Over half term we returned to Krakow but did not make a return visit to the Oświęcim (Auschwitz ’s pre-Nazi-occupation name). However, this time we visited a relatively new museum established in what had been Oskar Schindler’s factory. While there is much that could be said about Schindler and Hollywood ’s presentation of his eponymous list, there was one exhibit from the museum – a video reconstruction of an event which occurred in November 1939 – which lodged itself in my mind.
When visiting the concentration camps, the headline figures are always – understandably – about the number of Jews who were killed by the Nazis. Indeed, much of the Schindler museum shows the way the Jews were forced to live in Krakow and the way in which they were treated while still, in name at least, free. However there were many other groups of people who were also sent to the camps and one group, imprisoned in the Nazi operation codenamed Sonderaktion Krakau, was the Polish university professors.

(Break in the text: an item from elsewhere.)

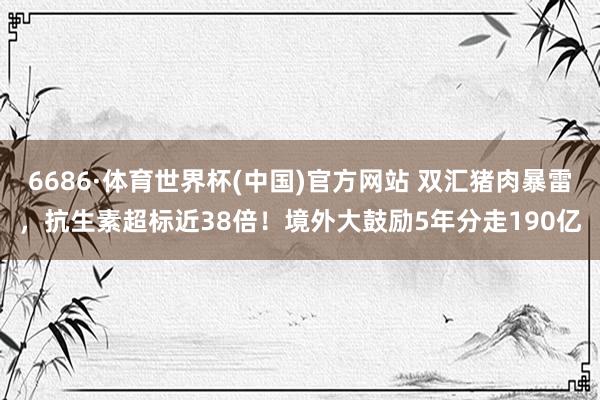 6686·体育世界杯(中国)官方网站 双汇猪肉暴雷，抗生素超标近38倍！境外大鼓励5年分走190亿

On 6 November 1939, the rector of the Jagiellonian University – the fourteenth century University of Krakow – was obliged by the SS to instruct all Polish professors to attend a lecture on German plans for Polish education. There was (and it is easy to say now) of course, no lecture. The 144 professors who turned up and another 39 people in the building were arrested and sent to Sachsenhausen and Dachau concentration camps on the pretext that the university was educating people without German consent.

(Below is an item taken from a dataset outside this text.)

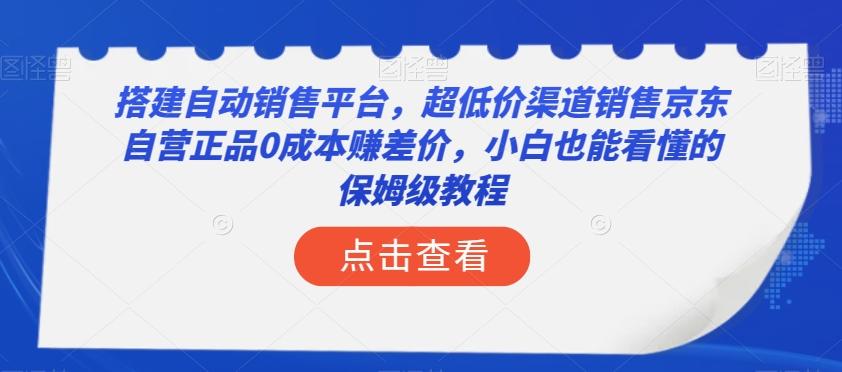 搭建自动销售平台，超低价渠道销售京东自营正品0成本赚差价，小白也能看懂的保姆级教程【揭秘】-翻身站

Although an international outcry led to the release of 101 professors aged over 40 in February 1940 several of the older individuals had not survived the relatively short stay in the camps’ terrible conditions and notable Polish academics died.
This operation was one of many which made up the Nazi’s plan, the Intelligenzaktion, to rid Poland of the Polish intellectual elite as the educated were deemed to pose a threat to the ‘Germanisation’ of Poland. Under the plan around 60,000 intellectuals and members of the upper classes were killed and Polish secondary and higher education was stopped until the end of the second world war.
Denying people education is a simple means by which to control a population and perpetrate the ruling class’s ideology and status. In twenty-first century Britain we are in a position where ‘Every Child Matters’ and every child is duly entitled to an education up to the age of 18, but beyond 18 the country is currently in a state of flux. As university educations are being priced at £27,000 students are understandably worrying about the options open to them in the future. It is not clear where this will leave tertiary education in this country in five, ten or twenty years’ time, but in a world which is changing so rapidly, education and academics are essential and – although I know it is idealistic to say so – their existence cannot, or at least should not, be based on money alone.